Task item: Every record that follows should be copied exactly. No picture belongs in the copy.

Supplied material:

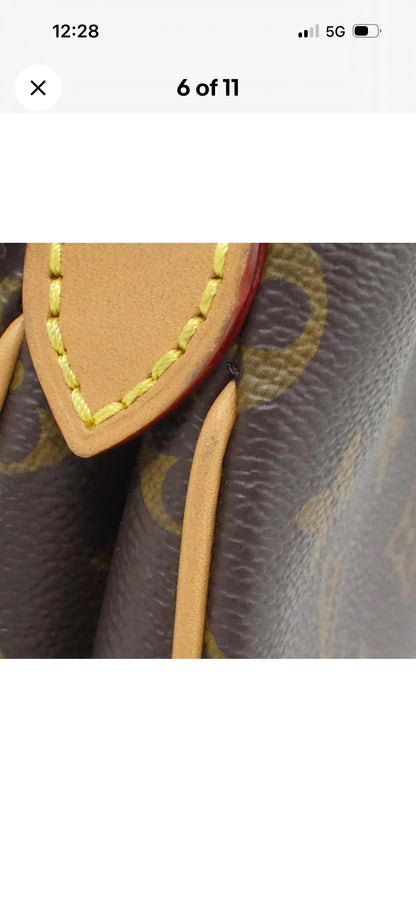 Pochtte Liv Monogram Brown magnetsbykathi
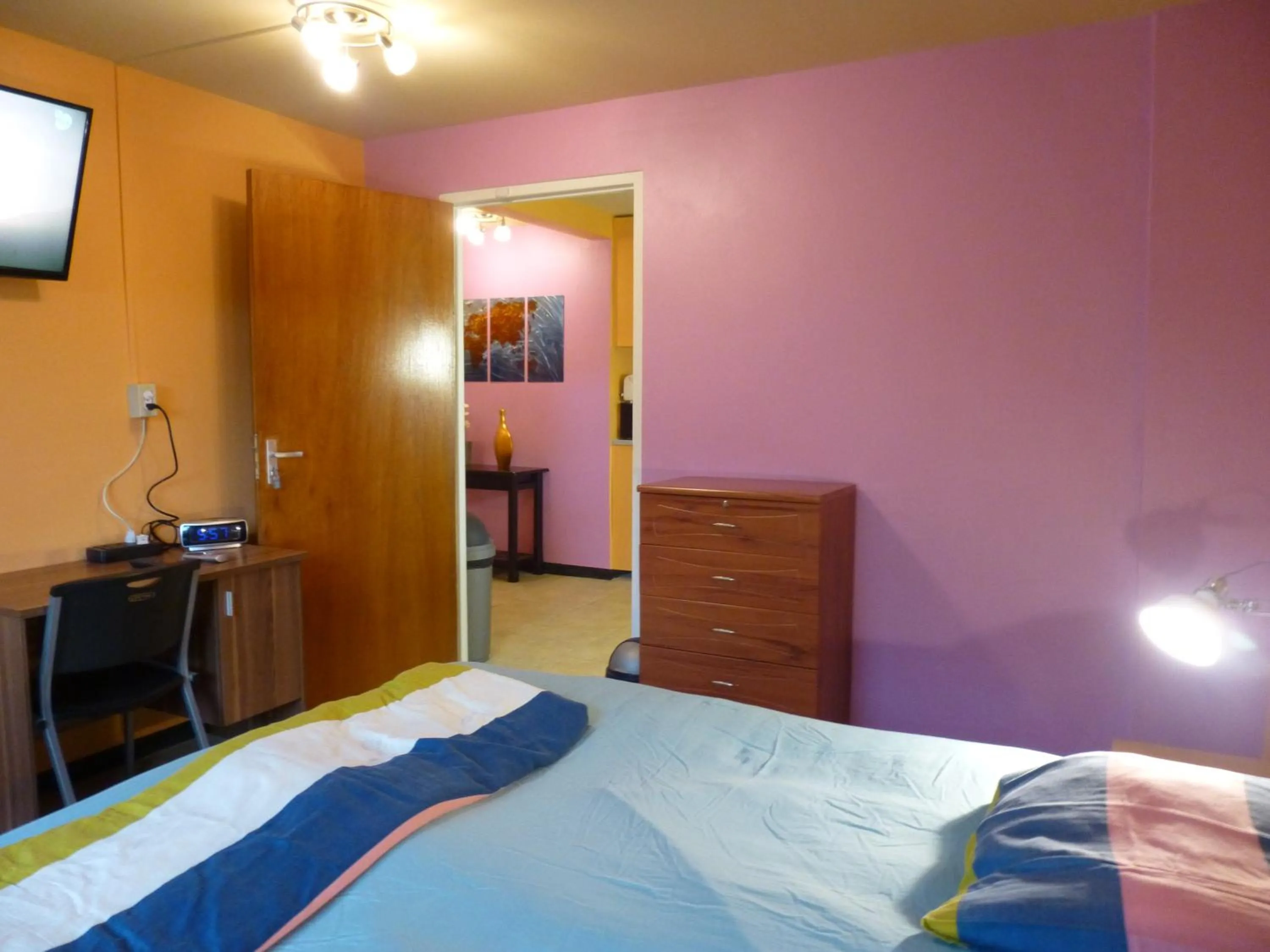 Bedroom, Bed in Kekemba Apartments Paramaribo
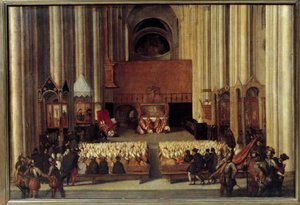 Il Concilio Ecumenico di Trento. Il Concilio di Trento è il 19º concilio ecumenico riconosciuto dalla Chiesa Cattolica Romana. Fu convocato da Papa Paolo III nel 1542, in risposta alle richieste fatte da Martin Lutero nel contesto della Riforma Protestante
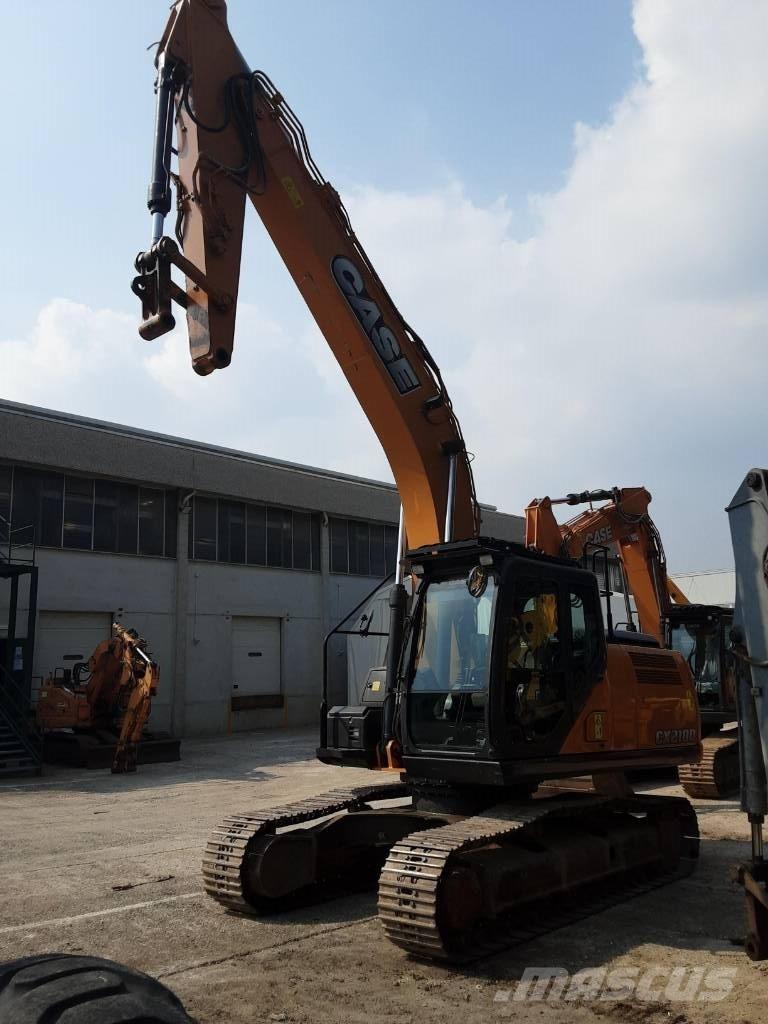 CASE CX 210 D Bageri guseničari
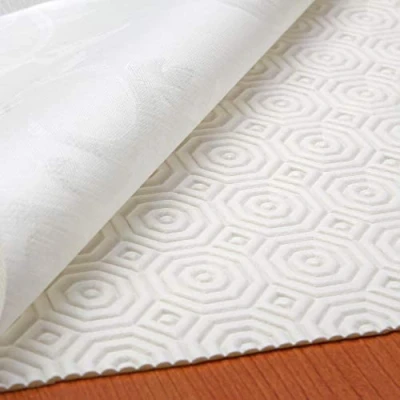Imagen de Protector para mesa acolchado salvamanteles protección por metro, tamaño a elegir, color blanco (140 x 140 cm)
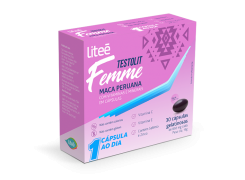 Litee Testolit Femme Com 30 Capsulas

Exercise response:
 Pochtte Liv Monogram Brown magnetsbykathi
 Bedroom, Bed in Kekemba Apartments Paramaribo
 Il Concilio Ecumenico di Trento. Il Concilio di Trento è il 19º concilio ecumenico riconosciuto dalla Chiesa Cattolica Romana. Fu convocato da Papa Paolo III nel 1542, in risposta alle richieste fatte da Martin Lutero nel contesto della Riforma Protestante
 CASE CX 210 D Bageri guseničari
Imagen de Protector para mesa acolchado salvamanteles protección por metro, tamaño a elegir, color blanco (140 x 140 cm)
 Litee Testolit Femme Com 30 Capsulas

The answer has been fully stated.